▶ _EXERCISE OBJECTIVE_:
Return all the data exactly, keeping the pictures out.

(EXTRACTED DATA Opens)

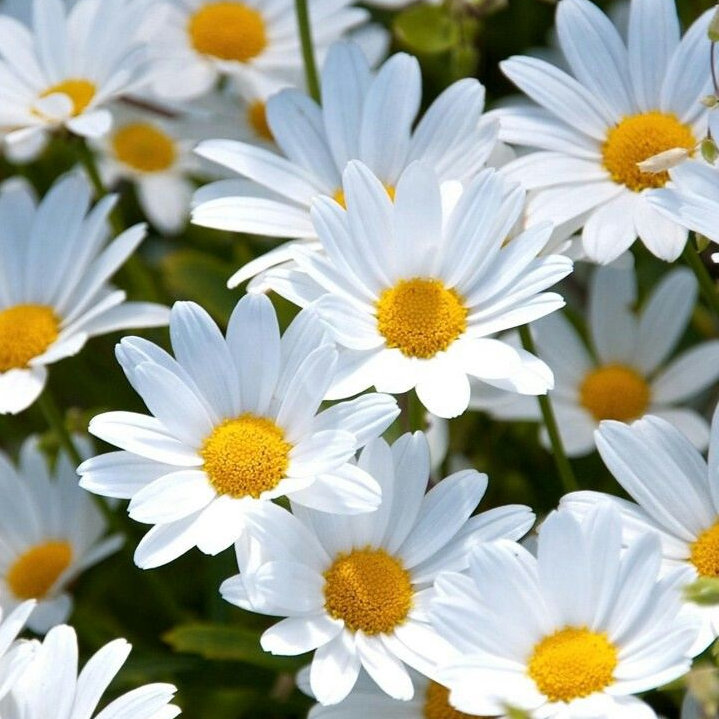대박디씨 이미지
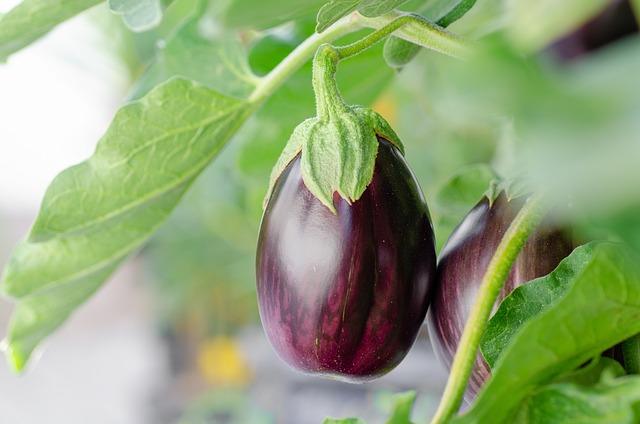 eggplant 7373425 640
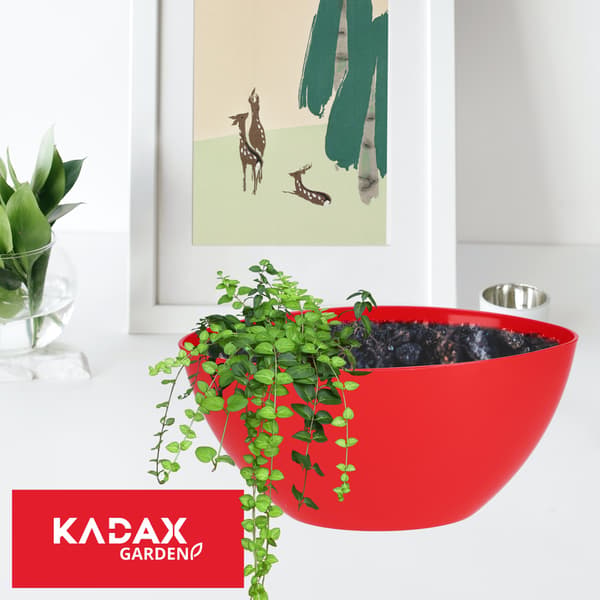KADAX Urtepotte 21 cm Oval Urtepotte Plastik Rød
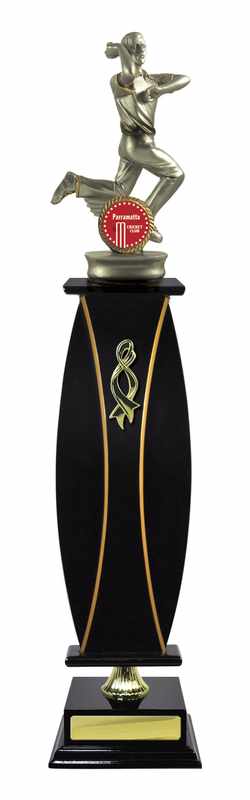 Timber Buildup Cricket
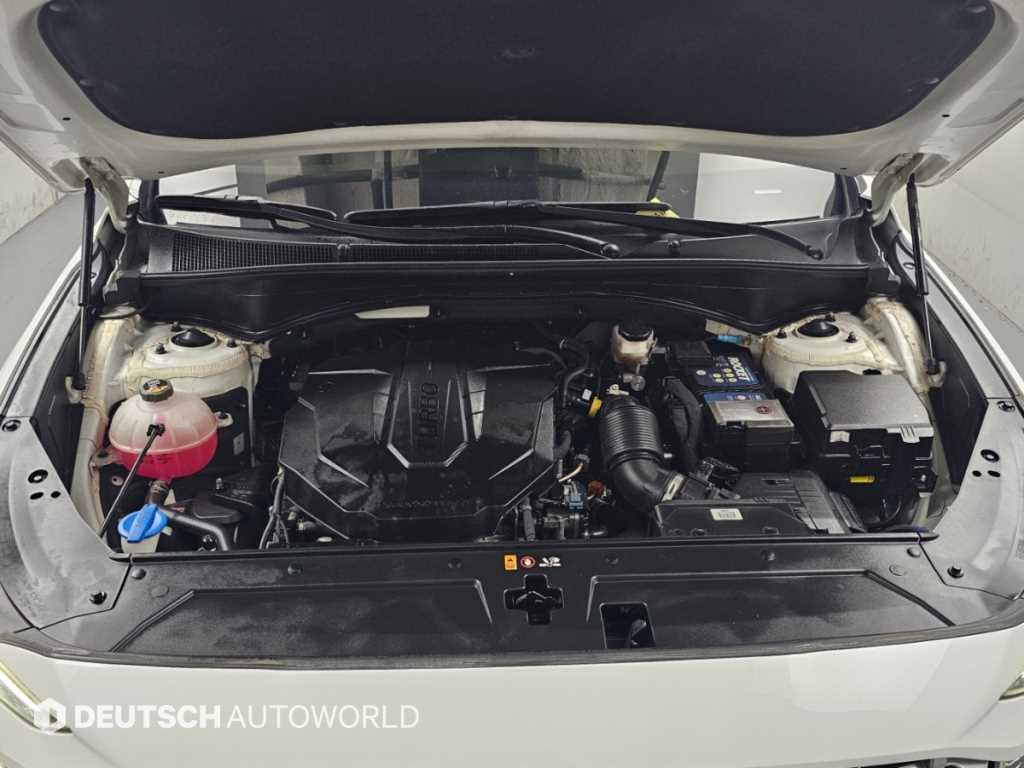 Hyundai Santafe — photo 06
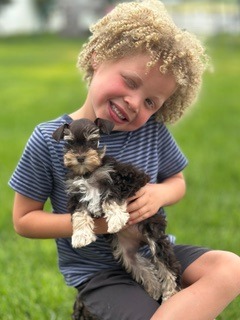 a puppy and a kid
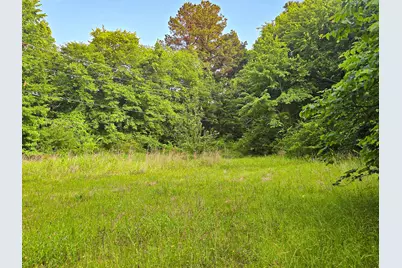 Tbd W Cathy Street, Lone Star, TX 75668 - Photo 3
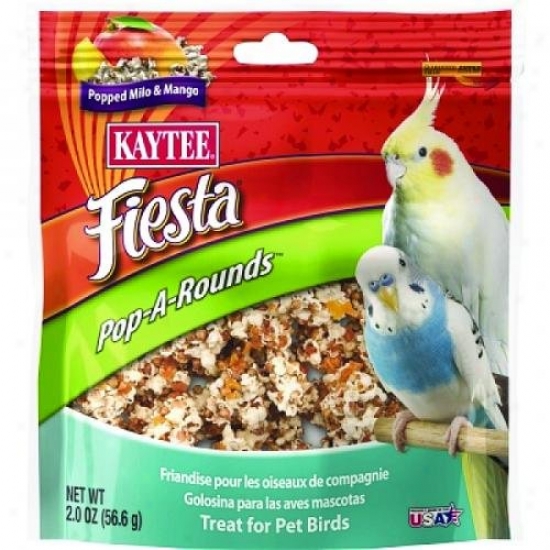 Kaytee 100509402 Fiesta Pop-a-rounds Treat - Pet Birds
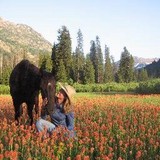 Harriman Trail Rides - Other in Island Park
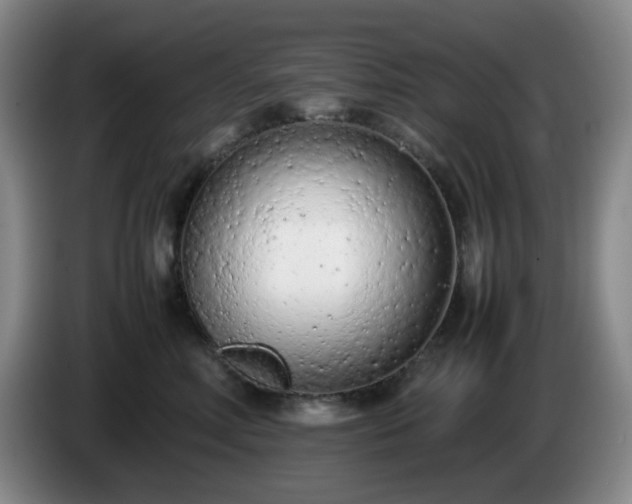 X0000085010618200703121523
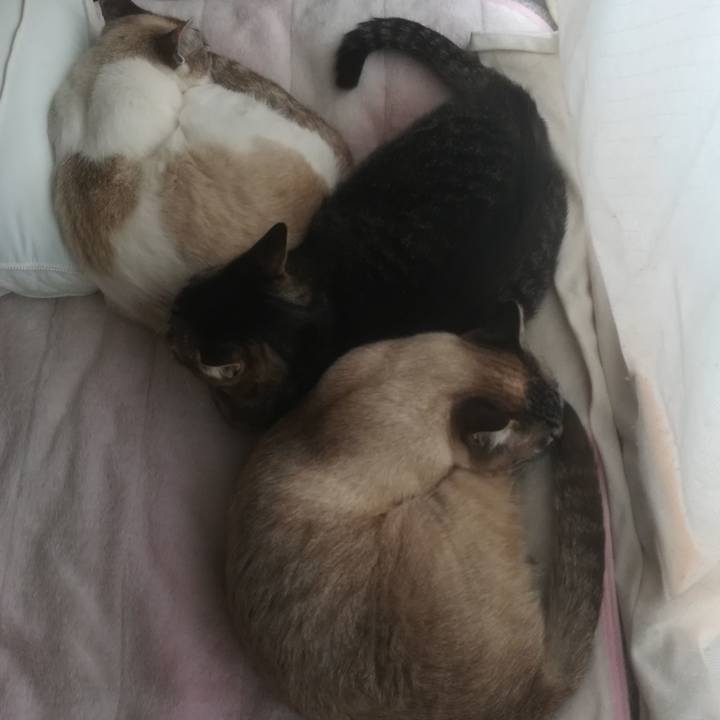 Cc286649 269e 4a4a b556 d60580a7cef0 1526336528435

(EXTRACTED DATA Closes)

▶ _RESULT_:
대박디씨 이미지
 eggplant 7373425 640
KADAX Urtepotte 21 cm Oval Urtepotte Plastik Rød
 Timber Buildup Cricket
 Hyundai Santafe — photo 06
 a puppy and a kid
 Tbd W Cathy Street, Lone Star, TX 75668 - Photo 3
 Kaytee 100509402 Fiesta Pop-a-rounds Treat - Pet Birds
 Harriman Trail Rides - Other in Island Park
 X0000085010618200703121523
 Cc286649 269e 4a4a b556 d60580a7cef0 1526336528435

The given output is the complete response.